[Raw data — start]
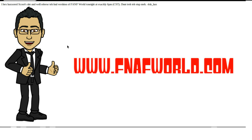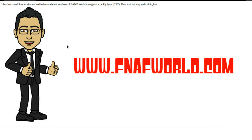I hex, hexord, scoots, site, and well, release, te, fu, version of FNAF World tonight at exactly 6 p.m. Central Standard time. Don't try to shut me.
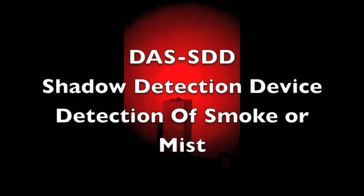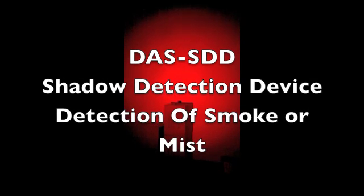Hi, Gary Galka from DAS. We're in the warehouse here testing out a new approach using the SDD shadow detector.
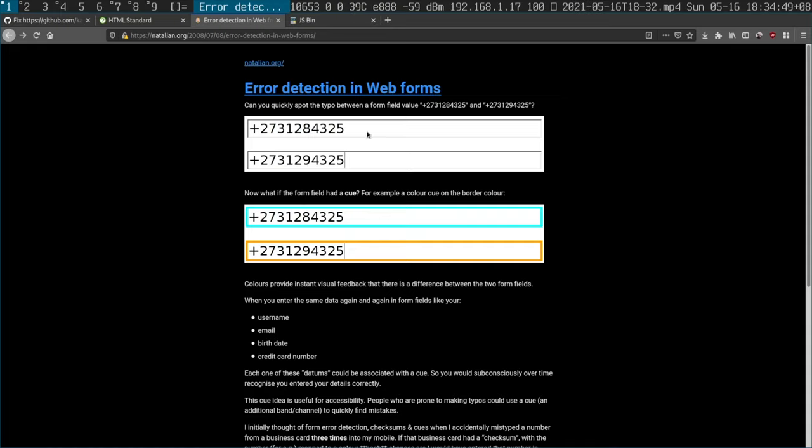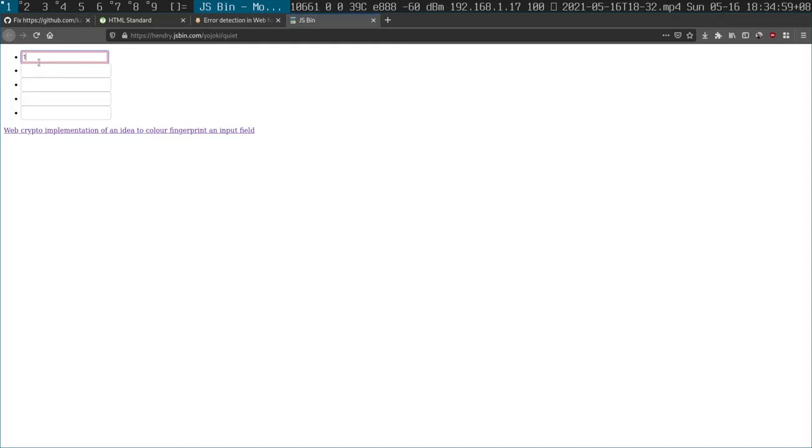So ever since then, I've actually been thinking about how to do some sort of checksum on a form field. And yes, I did write a checksumming thing for a form input back in 2008, actually. So, for example, if my number was 1, 2, 3, 4, it would be a certain color.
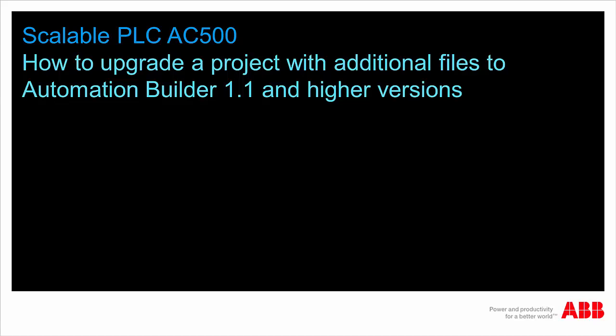Hello and welcome to this video tutorial on how to upgrade an existing Control Builder Plus project containing links to additional files to Automation Builder 1.1.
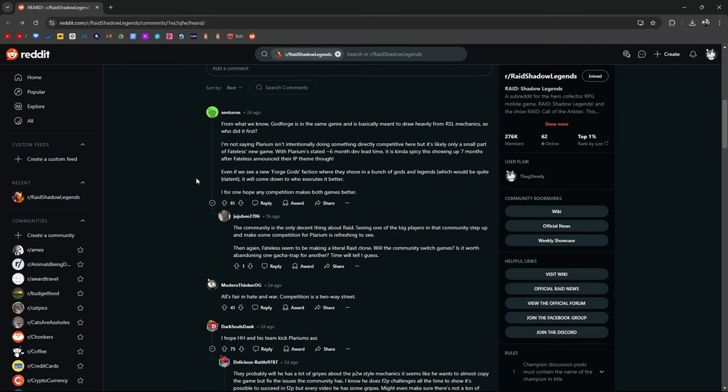From what we know, God Forge is in the same genre and is basically meant to draw heavily from RSL mechanics. So who did it first? I'm not saying Polarium is intentionally doing something directly competitive here, but with Polarium's stated six-month dev lead time, it is kind of spicy, this showing up seven months after Fateless announced their IP theme. Even if we see a new Forge Gods faction where they shove in a bunch of gods and legends, which would be quite blatant, it will come down to who executes it better. I for one hope any competition makes both games better.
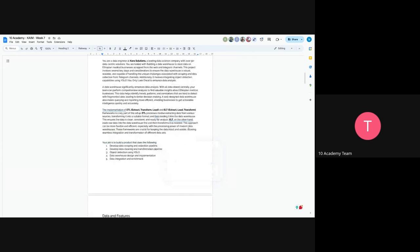And then the task would be to develop a data scraping and collection pipeline and also develop data cleaning and transformation pipeline. As Mathias also mentioned, object detection using YOLO and data integration and enrichment with data warehouse design and implementation. So you'll go through all these five stages in this challenge. So I hope you can hear me clearly. And if you have any question, make sure to type it on the chat or raise your hand.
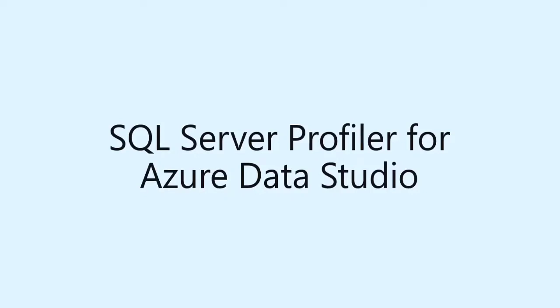Hello and welcome to the video for Azure SQL Database Profiling. The SQL Server Profiler using Azure Server Management Studio does not support Azure SQL Databases. So as a workaround, we can use SQL Server Profiler extension in Azure Data Studio.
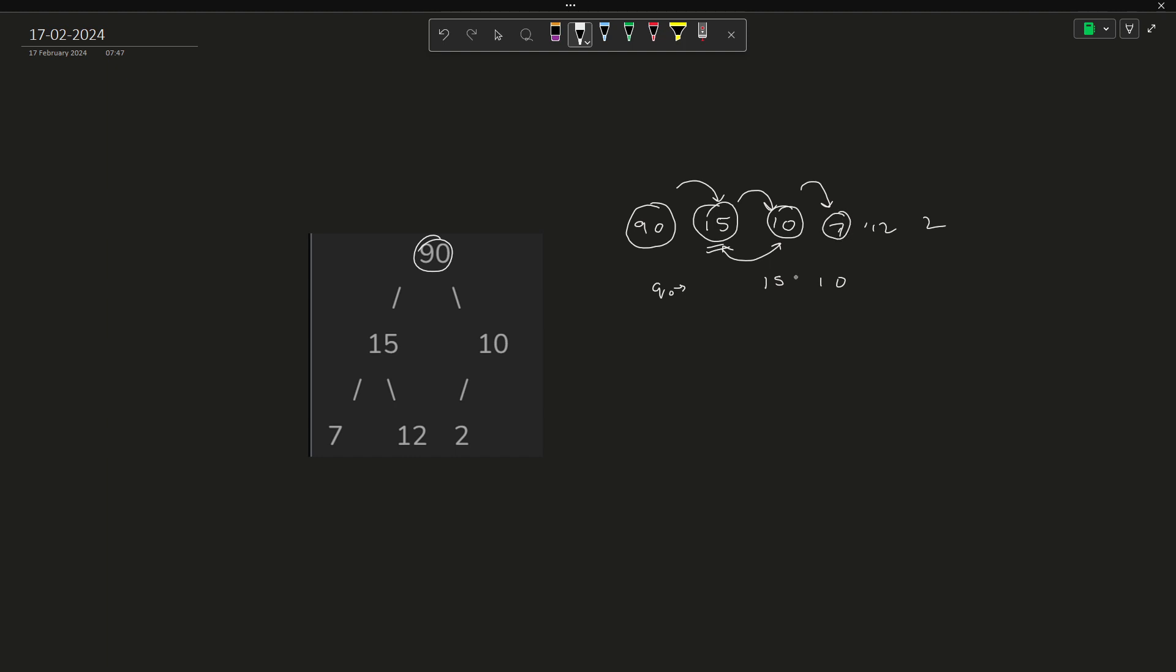Now I have 7. So the parent of 7 is going to be this front element of the queue. And not only 7 but also the adjacent element to it, that is 12, is also going to be a child of 15. So I verify for both of them. I pop it out from the queue, 15 is popped. Now 7 and 12 are pushed into the queue. The next element is 2. What is going to be the parent of 2? That is going to be 10.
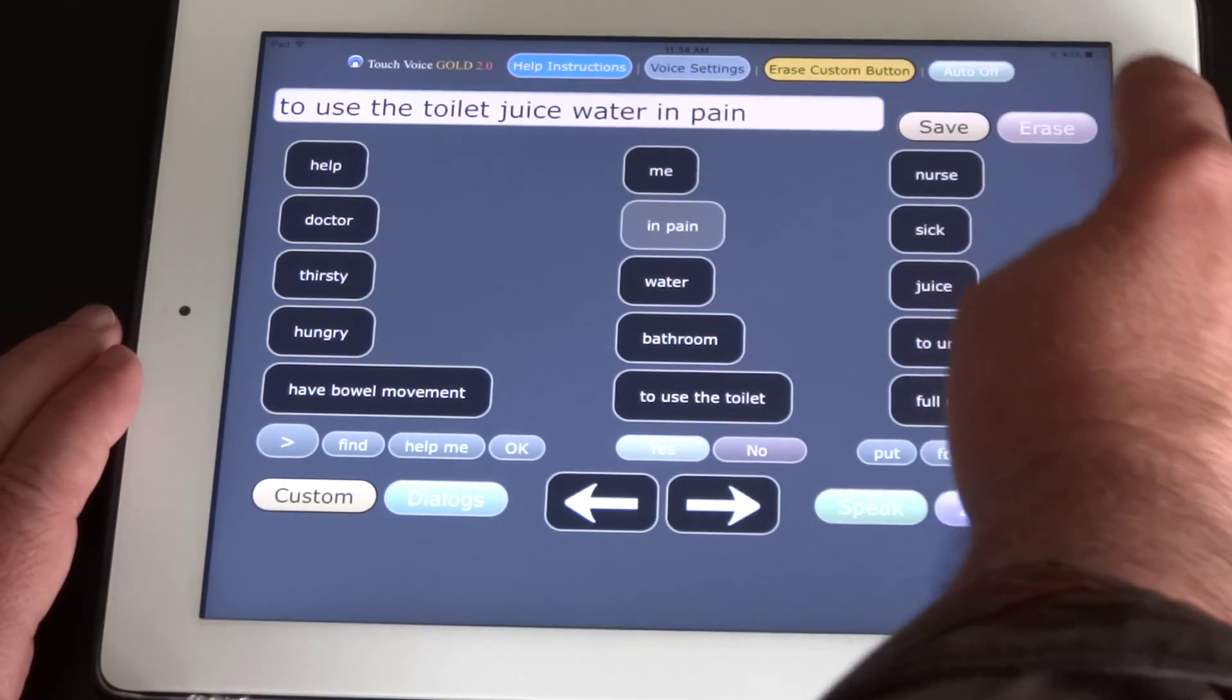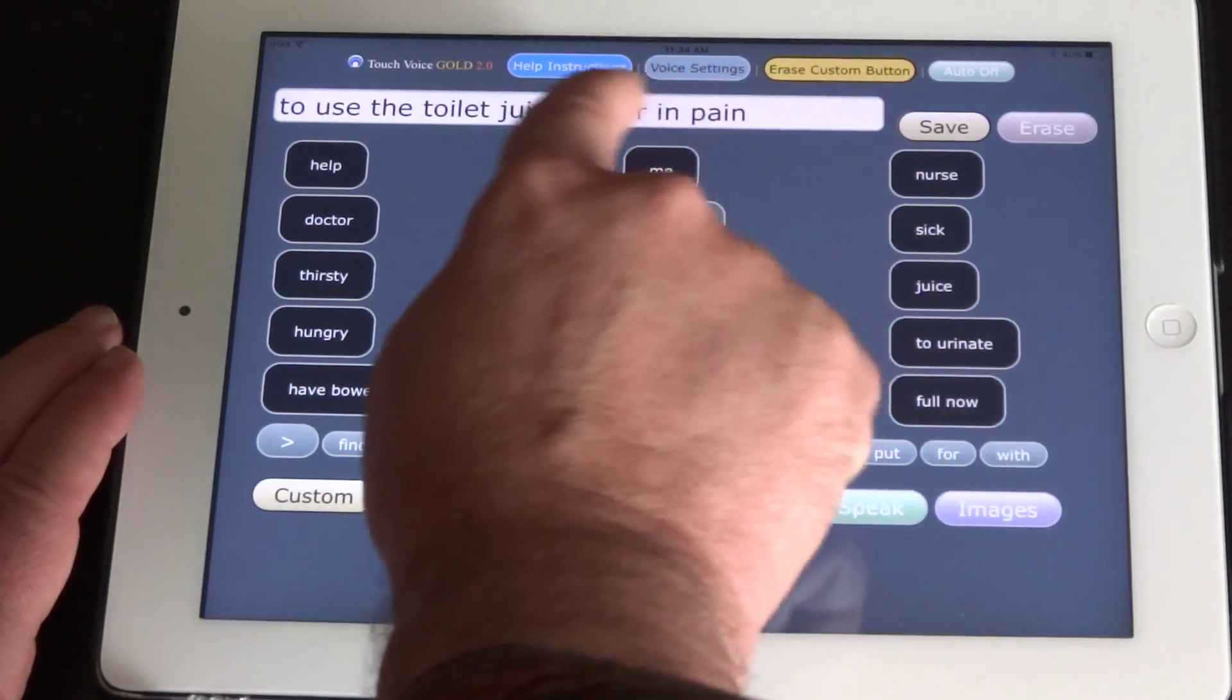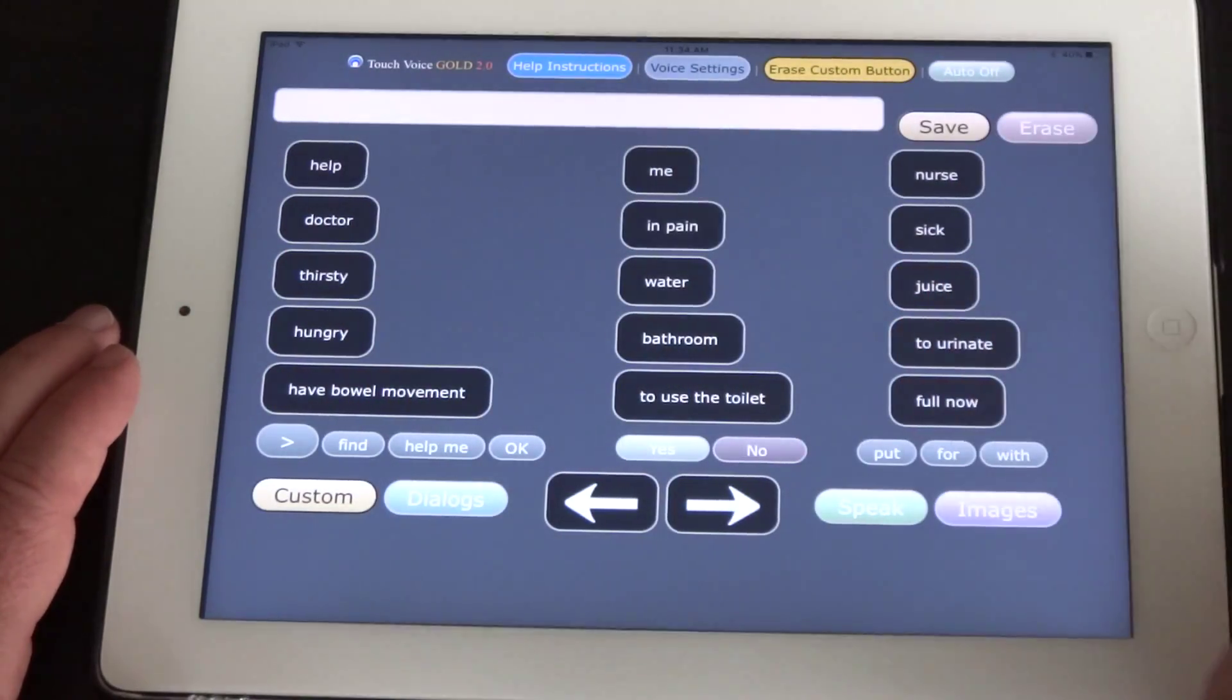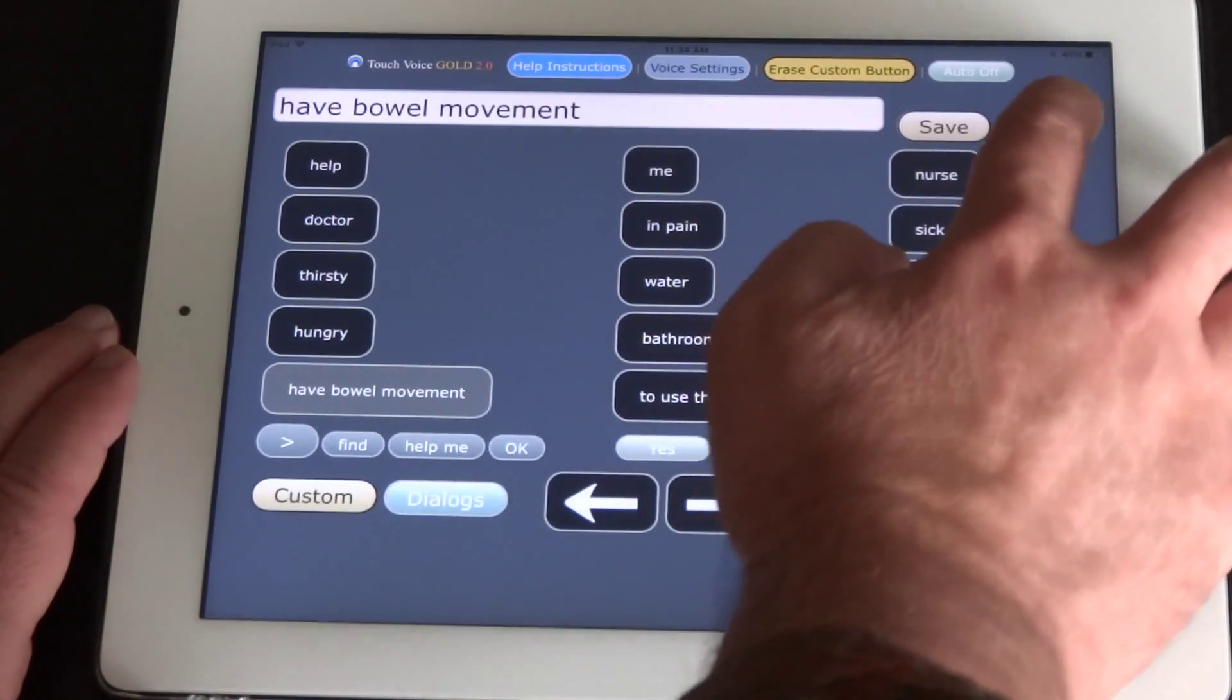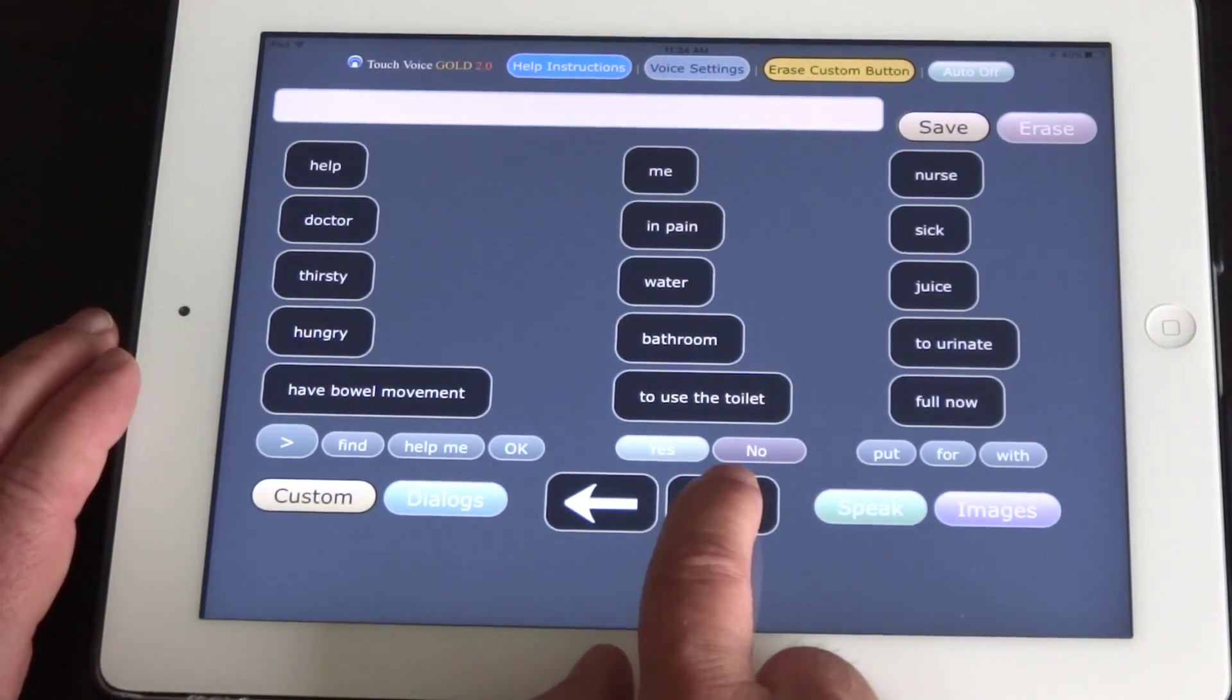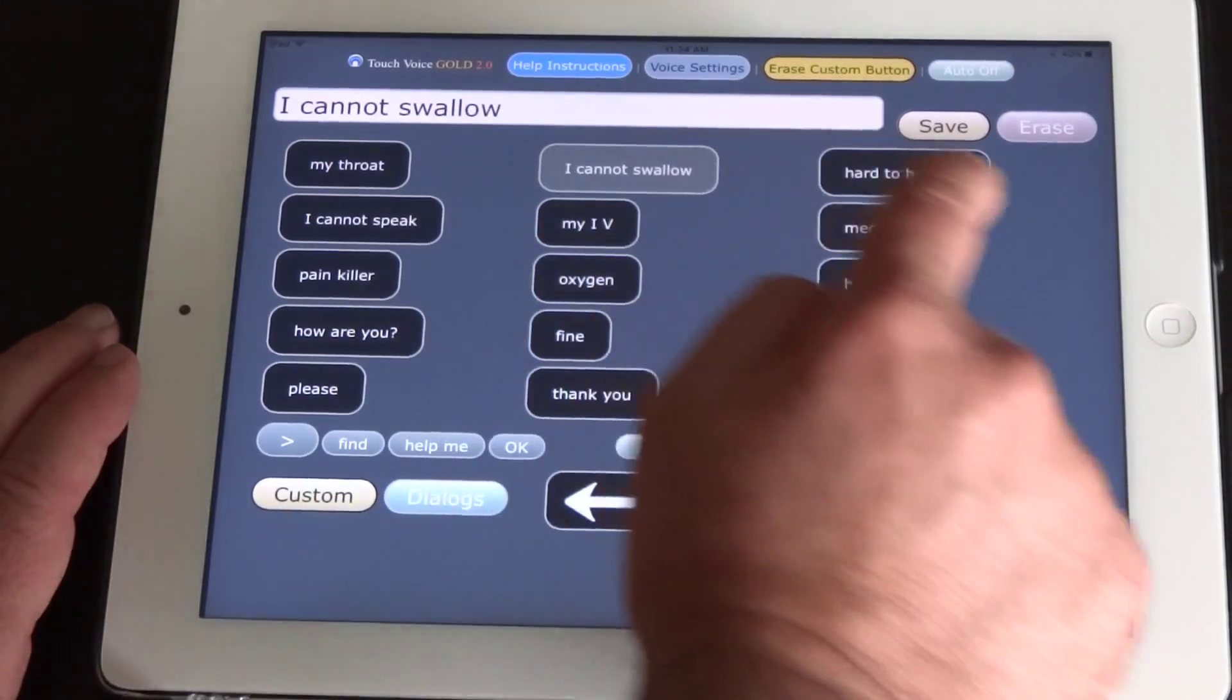In pain. You can erase the speech line up here by pressing the erase button. Have bowel movement. And then you use these arrow keys down here to page through the word phrases.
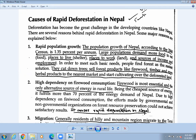Number one cause is rapid population growth. If there is high population growth, people need a place to live. Because the population is growing rapidly, they need space and they need to cut down trees. There is no land left, so they cut down the forest and settle there. The population of Nepal according to the 2068 census is growing at 1.35 percent per annum.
[Raw data — finish]
### Required action
No pictures should appear in the answer, which is to be the lines from the line with "In pain. You" through the end of the records above, restated exactly.

### Answer to this exercise
In pain. You can erase the speech line up here by pressing the erase button. Have bowel movement. And then you use these arrow keys down here to page through the word phrases.
Number one cause is rapid population growth. If there is high population growth, people need a place to live. Because the population is growing rapidly, they need space and they need to cut down trees. There is no land left, so they cut down the forest and settle there. The population of Nepal according to the 2068 census is growing at 1.35 percent per annum.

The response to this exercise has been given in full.